Uproar over steep increase in electricity bills after tariff revision in July last

A large section of consumers whose monthly electricity bills have shown a steep increase since the tariff was revised in July this year, have petitioned the Delhi Electricity Regulatory Commission to review the current billing pattern. The consumers are outraged by the sharp escalation of the monthly dues and have demanded that the Commission rework the tariff structure and reintroduce the 201-400 units slab that has been dispensed with in the new tariff order.

In July this year, the Commission announced a revised tariff order that spelt an increase of 20 per cent across board for all categories of consumers.

The Regulatory Commission, however, asserts that the restructuring of consumption slabs has little to do with the surge in bills.

The Commission has put forth that even if the slabs were to be reinstated, consumers would still have to pay as per the revised per unit charge.

P.D. Sudhakar, chairperson of the DERC, admitting that the Commission has been approached for a revision, said: “We have received petitions from consumers and we are examining the issue. But restructuring of the slabs has not affected the bills as severely as perceived. Even if the slabs were not restructured the bills would have remained more or less the same because there would have been an increase in the unit charges for the 201-400 slab as well.”

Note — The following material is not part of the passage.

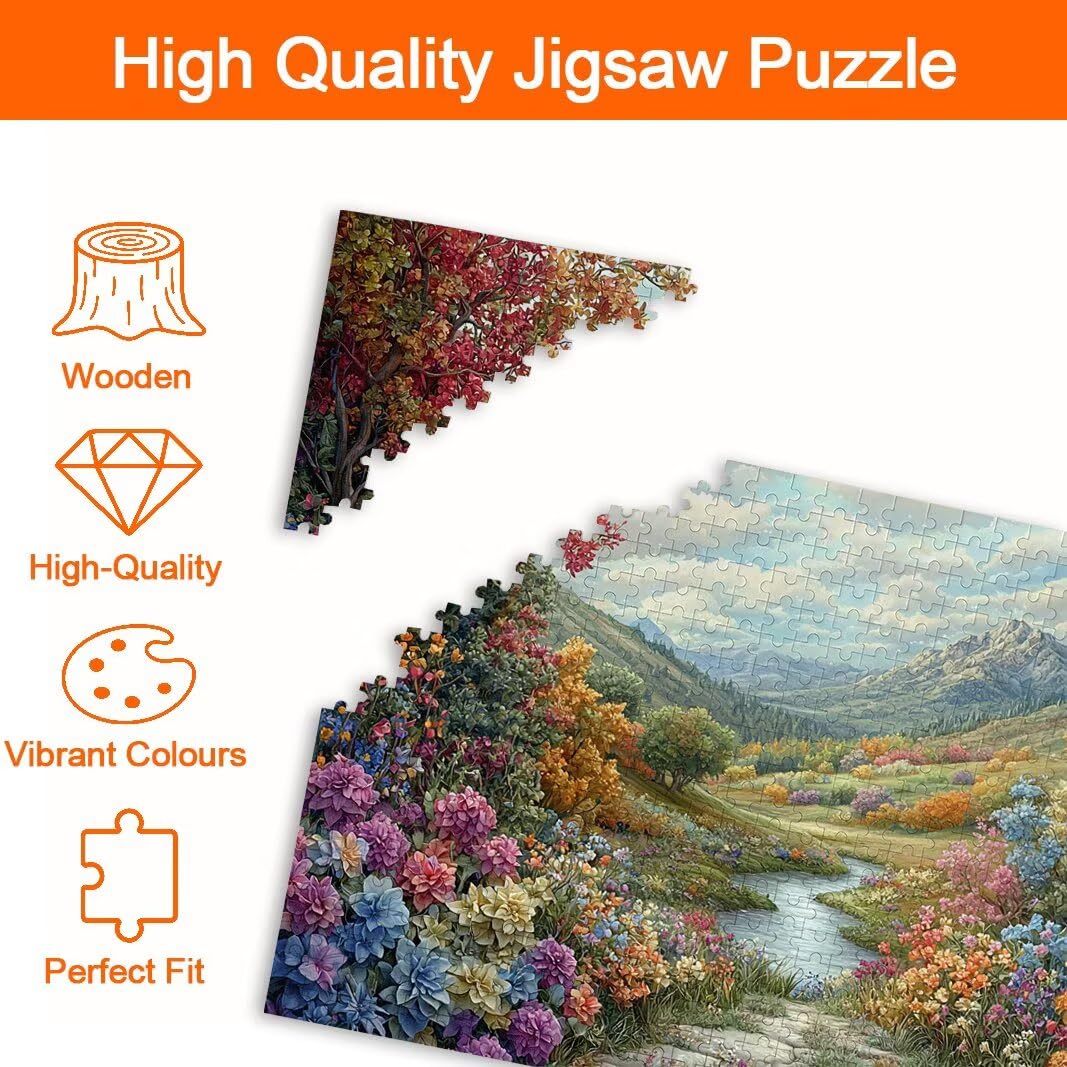 Puzzle Natura, Puzzle 1000 Pezzi Adulti per Decor, Regalo Donna/Uomo -8442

In the revised tariff order, the DERC announced the withdrawal of the 201-400 units slab, which in turn put the consumers in a higher tariff bracket.

Earlier, all consumers were beneficiaries of the subsidy that the government gave for consumption under 200 units, however, after the tariff revision; only those consumers who use less than 200 units can avail of the subsidy.

As per the new order consumer who use between 201-400 units are billed at Rs. 4.80 per unit, earlier these consumers were billed at subsidised rates for 0-200 units consumption, then at Rs. 3.60 for 201-400 units consumption.

The DERC decision to restructure the slabs and doing away with the slab of 200-400 units has increased the power tariff in the 0-400 units slab by about 33 per cent, in addition to that the consumers have to pay eight per cent surcharge on the total amount.

Consumers in the city have been hit hard by the increase in the power tariffs as well as by the quarterly fuel surcharge that is being allowed to the discoms.

The uproar over a steep increase in electricity bills has also forced power distribution companies to seek government’s intervention. Power distribution company Tata Power Delhi Distribution Limited (TPDDL) has written to the Delhi Government to consider offering a subsidy to the consumers who use up between 0-400 units of power.

According to the TPDDL sources the, company has suggested that the government should offer a subsidy for the consumers who use up to 400 units a month, at least for the duration of the peak summer months.

“We received a lot of complaints from the consumers about a steep increase in their bills. Earlier, all consumers who used up to 200 units a month were offered a subsidy by the Delhi Government. Also, there was a slab for those who used between 201-300 units, but the DERC did away with that slab and these consumers are now charged for 0-400 units. We have therefore, suggested, that the Delhi Government should consider the consumer’s views and work out a subsidy package for them,” said a TPDDL official.

The Delhi Government is yet to take a decision on the issue, but sources indicated that the government may not be able to extend subsidy given the financially liability.

As per the revised tariff list, for consumers in the 2-kW connected load category who use between 0-200 units, the charges are Rs.3.70 per kWh, between 0-400 Rs.4.80 per kWh, and for 400 and above Rs.6.40 per kWh.